The radicals have become one great big apocalyptic gestalt, castrating teenagers, burning down pro-life centers, marching through the streets, tearing down statues and looting stores. The spectacle of it matters more than the details of the ideology. Like Mao’s Cultural Revolution, some teens robotically repeat verbose dogma they don’t understand, whether it’s Critical Race Theory or Hadiths, because it lets them run around destroying things and terrorizing people.
The destructive impulses that leftist radicals and Islamic terrorists channel are fairly similar. And not so different from the Hitler Youth. Put on a uniform, shock your parents and wreck things. The more you rage and hate, the stronger you feel and the more you bypass the hard work of adulthood. Radical politics is just another way for teenagers to never grow up.
‘Azzam the American’ was a Jihadist Peter Pan who never had to grow up. He’s dead now.

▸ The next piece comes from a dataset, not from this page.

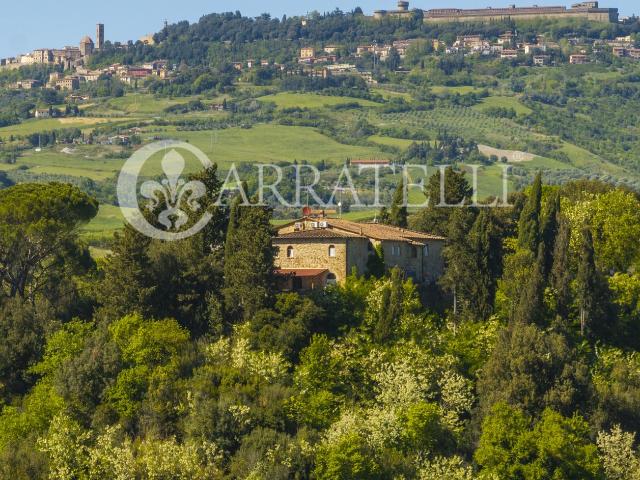 Casale con Agriturismo, Piscina e Vigneto sulle Colline di V. 520m² Volterra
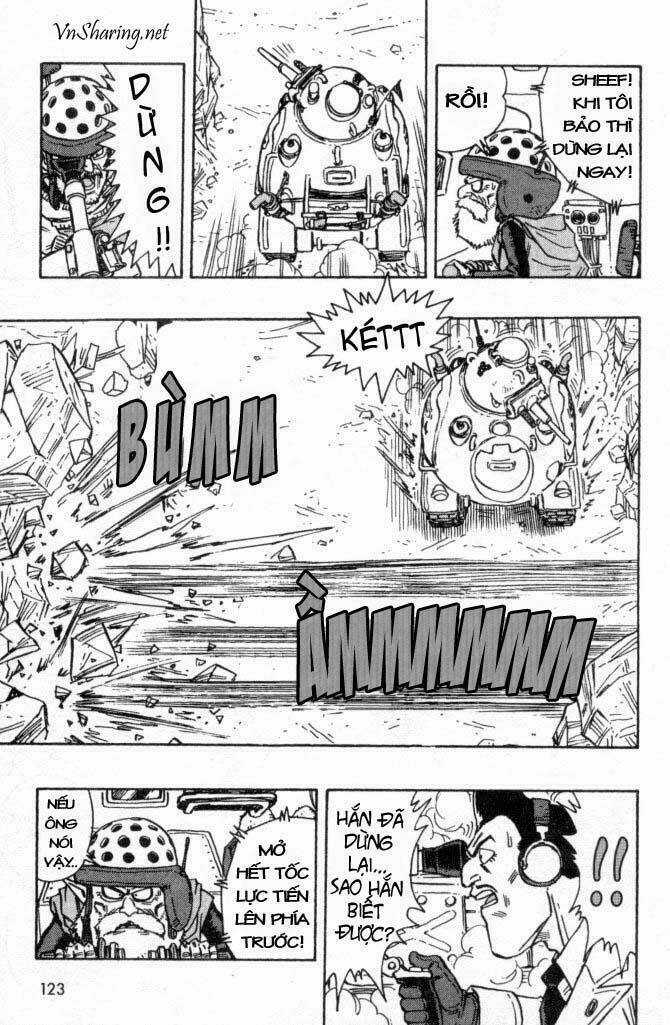 Vùng Hoang Mạc - Chapter 8 - Trang 5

And some of those radicals protesting for Hamas will eventually convert and follow in his footsteps.
Adam Gadahn understood instinctively how to take a foreign ideology and make it palatable to those like him, but we’re now in a world and a country full of Adams. Social decay has been supplemented by educational and pop culture indoctrination. TikTok is happy to spread Osama’s message as long as it weakens America. There is a world of strange bedfellows out there all happy to see us fall. And if we are not careful, some of them will be our children.
The return of ‘Azzam the American’ is a reminder that we’re not just in a war, but a culture war. A broken and divided nation is in no shape to defeat a vast enemy that is already inside our borders. The War on Terror is an extension of the old culture war we’ve been losing until now. Islamic terrorism could not succeed unless it could rely on a fifth column inside our countries.
After 9/11, it was clear that we would have to win an internal war to win an external one. Now as the wars come together and the enemy roams our streets, the need is more urgent than ever.
Either we defeat the enemy within or the war is lost.